Crash site of PNG Twin Otter believed located

Posted 12/08/2009

PNG Airlines DHC-6-300 Twin Otter that is believed to have crashed in Papua New Guinea yesterday, killing all 13 passengers and crew onboard, may have been located by search parties near the remote Kokoda airstrip. Flight CF4684, a charter flight that was en route from Port Moresby to Kokoda, is believed to have gone down near its intended destination. According to press reports, villagers told search parties that the wreckage was located nearby. The passengers were mostly Australians going to trek the Kokoda track, site of a famous land campaign between Australian and Japanese forces during World War II that attracts several thousand visitors each year. The aircraft left Port Moresby at 10:53 a.m. and the last communication was at 11:26 a.m., 6 min. after it was due to arrive at Kokoda.
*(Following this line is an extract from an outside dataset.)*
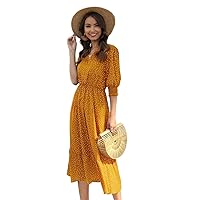 Dresses for Women 2023 -Neck Polka Dot Ruffle Hem Dress (Color : Mustard Yellow, Size : Large)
Australian Foreign Affairs Minister Stephen Smith said yesterday that seven Australian passengers were missing along with three from PNG and one from Japan plus the two-person crew. He added that the search and rescue operation had been hampered by bad weather, low visibility and rough terrain. The loss, if confirmed, will be the airline's seventh accident since it was formed in 1987 as Milne Bay Air and is the 40th in PNG in the past 20 years. It is also the second loss of a DHC-6 in the region in just one week. On Aug. 2 a Merpati Nusantara Twin Otter with 15 aboard crashed into a mountainside at an elevation of 9,300 ft. near Oksibil in Indonesia (ATWOnline, Aug. 6).